** Opening MATERIAL FOR THIS EXERCISE block **

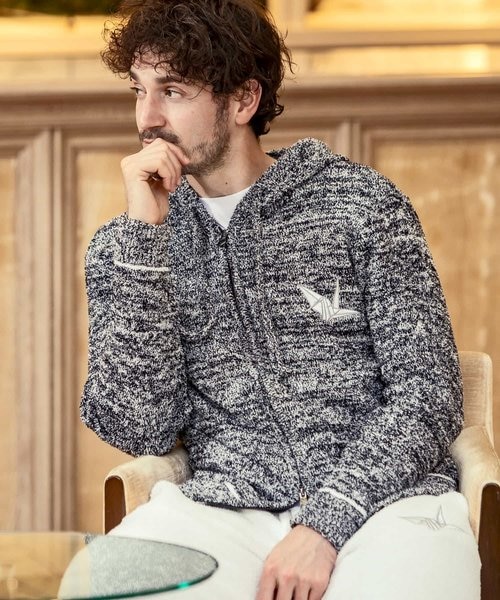 極美品✨1piu1uguale3 RELAX 折り鶴 刺繍 ニットパーカー XL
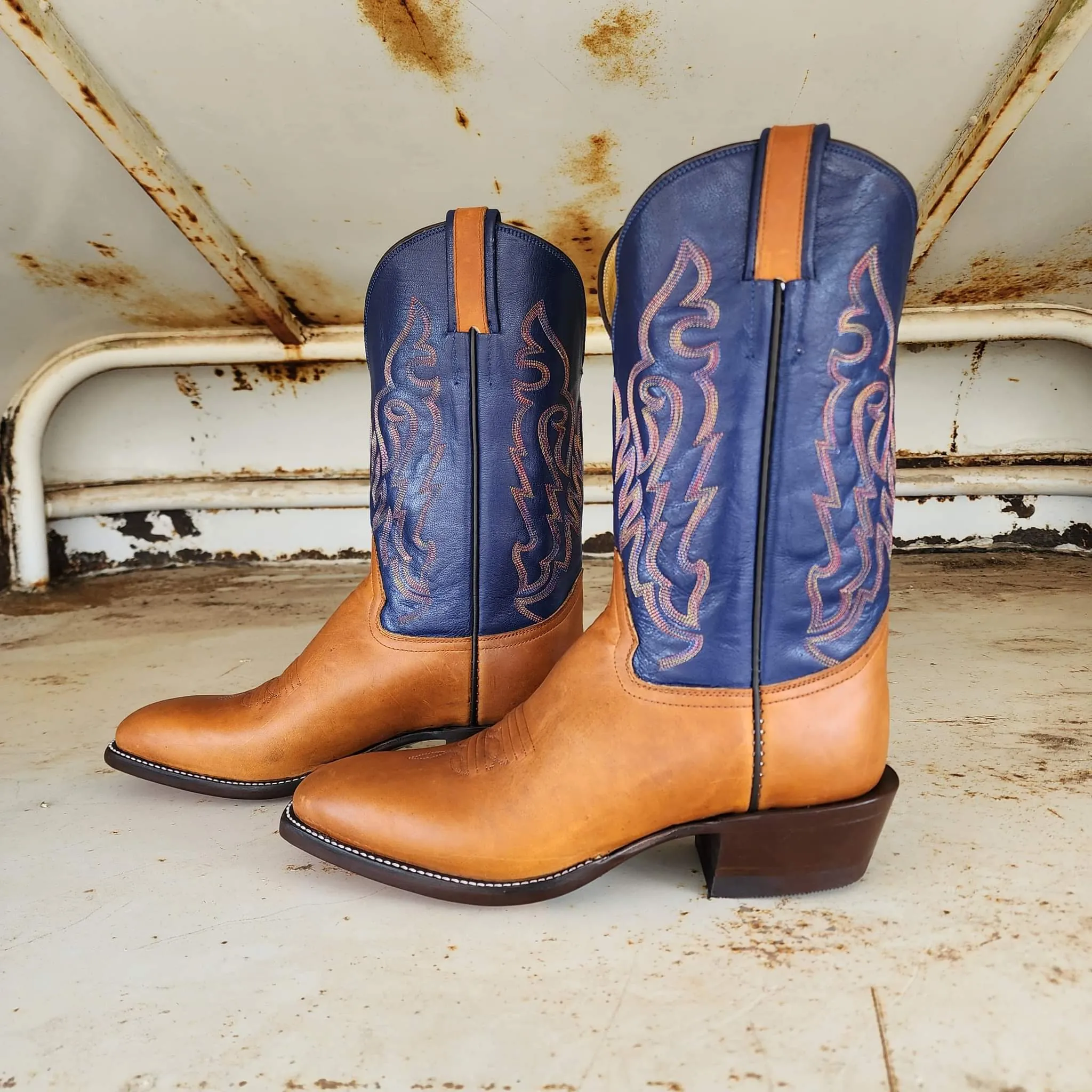 Picosa Creek Boots - Brown Mule w/ Royal Blue - The Breaker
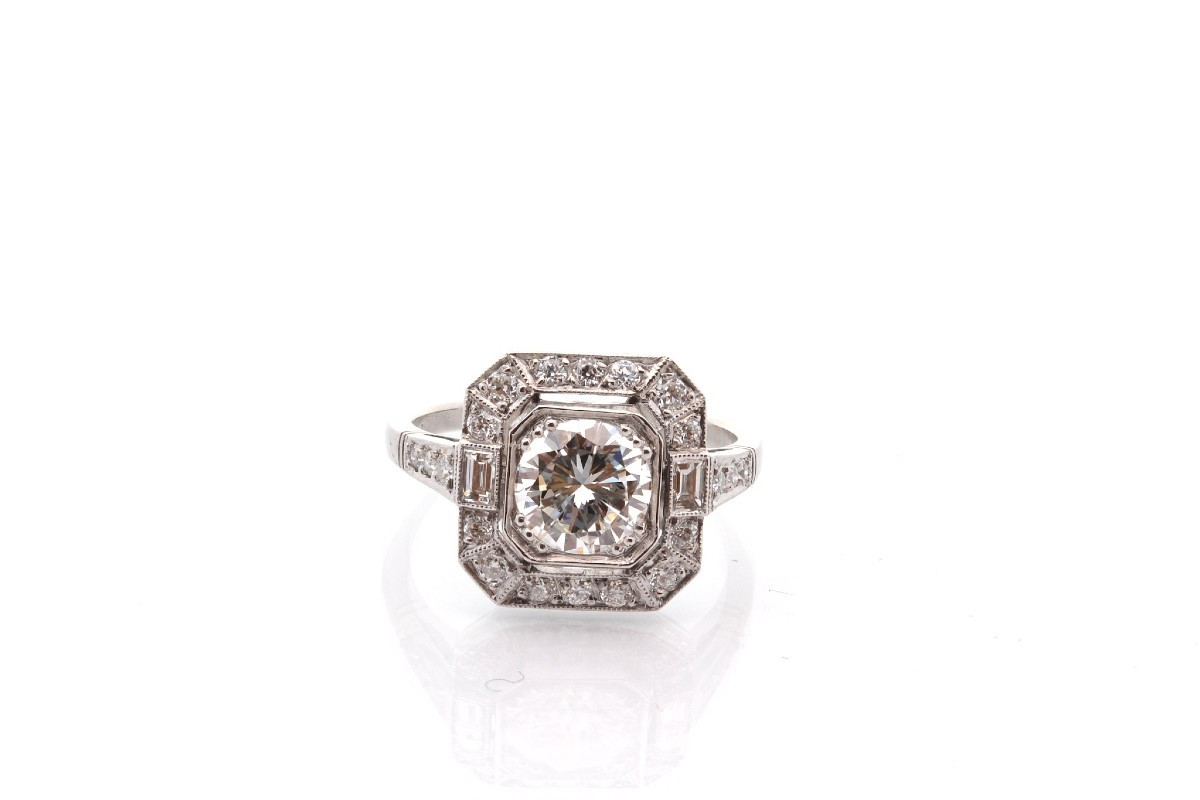 Bague diamant de 1,13cts I/VVS2 en platine-photo-2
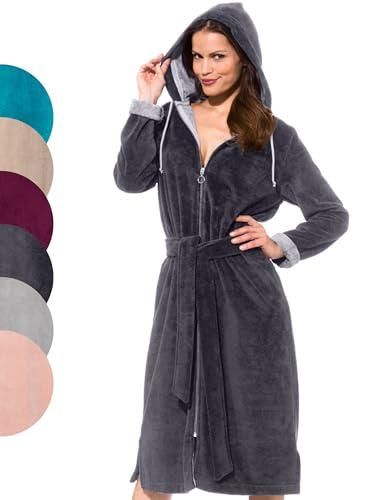 Morgenstern Peignoir de Bain Femme avec Fermeture Éclair Robe de
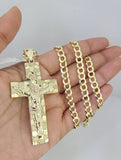 10k Gold Solid Cuban Curb Chain Necklace Nugget Cross Pendant Set 6mm 20"-30"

** Closing MATERIAL FOR THIS EXERCISE block **

» WHAT TO DO: The expected output is an exact copy of the lines from the one with "Bague diamant de" to the final line of the entries above, pictures excepted; please include both ends.

» RESPONSE FOR THIS EXERCISE:
 Bague diamant de 1,13cts I/VVS2 en platine-photo-2
 Morgenstern Peignoir de Bain Femme avec Fermeture Éclair Robe de
 10k Gold Solid Cuban Curb Chain Necklace Nugget Cross Pendant Set 6mm 20"-30"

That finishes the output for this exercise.